Signé à Ottawa, Canada, ce 1er jour de mai 2000.

“ A.A. Sarchuk ”

J.C.C.I.

[TRADUCTION FRANÇAISE OFFICIELLE]

Traduction certifiée conforme ce 2e jour de novembre 2000.

Erich Klein, réviseur



[1]               Pièce A-1, onglet 1.

[2]               Pièce A-1, onglet 3; motifs du jugement - pièce A-1, onglet 2.

[3]               Pièce A-1, onglet 1, paragraphe 3, et onglet 3, paragraphe 17.

[4]               Pièce A-2, onglet 14 - motifs du jugement du juge Boland, en date du 20 février 1996; motifs supplémentaires du juge Boland en date du 1er décembre 1997 et du 5 mars 1999.

[5]               Pièce A-4, onglets 14 et 15.

[6]         248(1) Les définitions qui suivent s'appliquent à la présente loi.

“biens” Biens de toute nature, meubles ou immeubles, corporels ou incorporels, y compris, sans préjudice de la portée générale de ce qui précède :

(a)         les droits de quelque nature qu'ils soient, les actions ou parts;

                                [...]

                               

[7]               65302 British Columbia c. Canada, [1999] 3 R.C.S. 804 (99 DTC                 5799) (C.S.C.).

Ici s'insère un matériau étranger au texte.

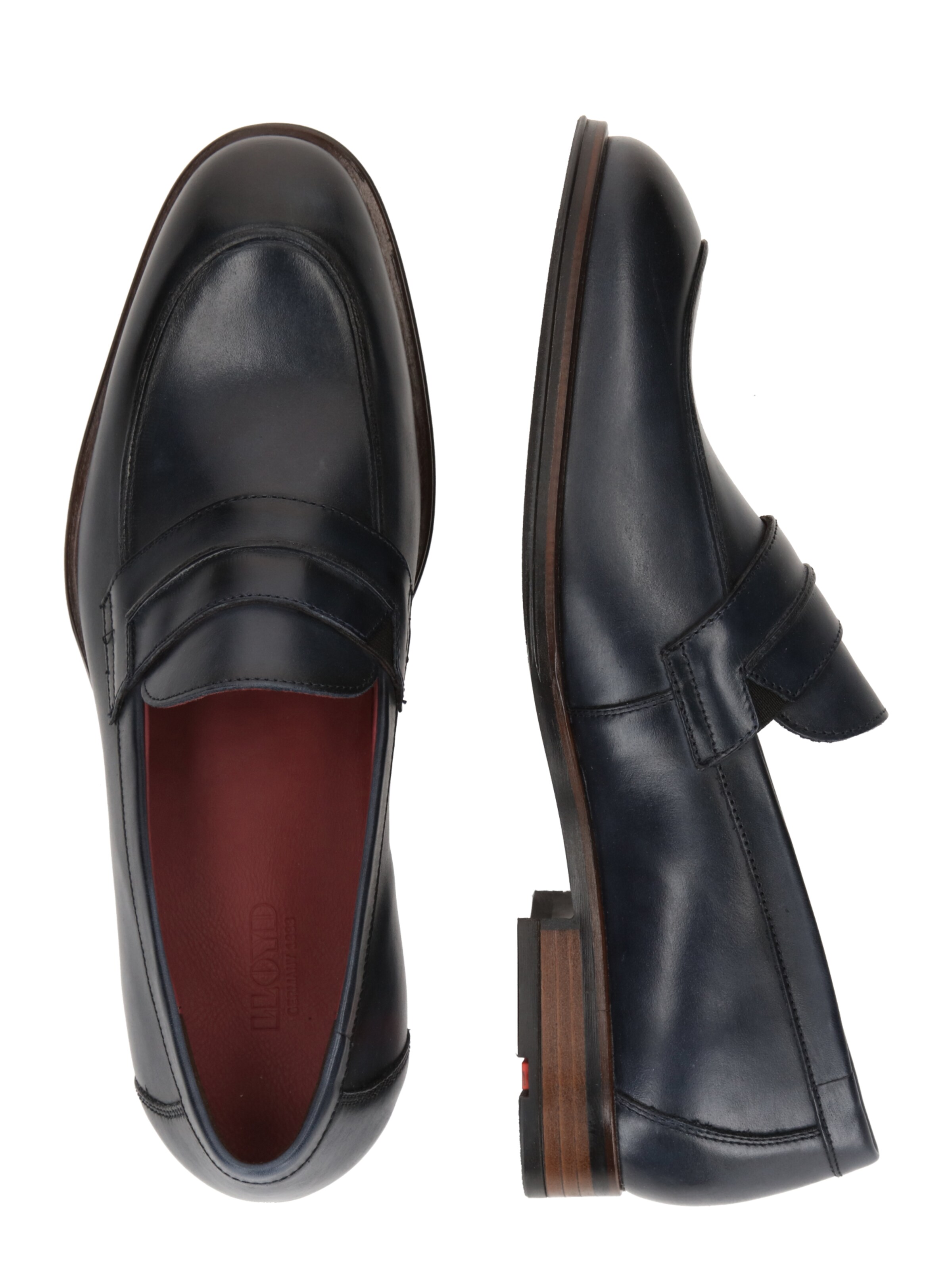 LLOYD Loafer 'Sagres' värissä sininen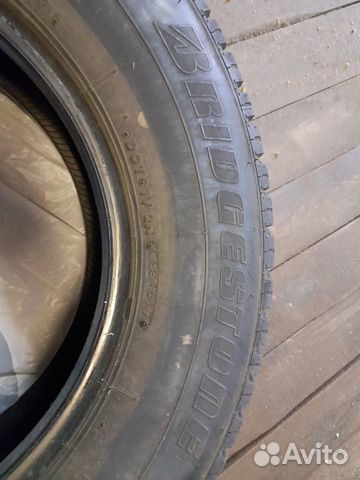 Bridgestone Dueler H/T D689 205/80 R16C 110R, 4 шт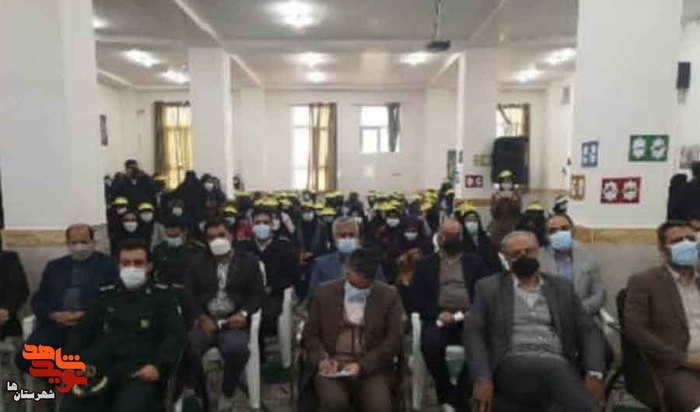 زنگ انقلاب در آموزشگاه خاتم الانبیا(ص) شهرستان پیشوا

[8]               Upenieks c. La Reine et al, C.C.I., no 92-1310(IT)I, 14 juillet1993 ([1993] 2 C.T.C. 2386), confirmé par 94 DTC 6656 (C.A.F.).

[9]               Symes c. Canada, [1993] 4 R.C.S. 695, aux pages. 722 et 723.

[10]             82 DTC 1082, à la p. 1083.

[11]             J'entends par là tous les paiements de pension alimentaire, tels les impôts, l'hypothèque, les frais des enfants, etc.

[12]             [1993] 4 R.C.S. 695, aux pages 738 et 739 (94 DTC 6001, à la page 6015).

[13]             Voir Upenieks c. La Reine, et al, précité.

[14]             Pièce A-3, onglet A.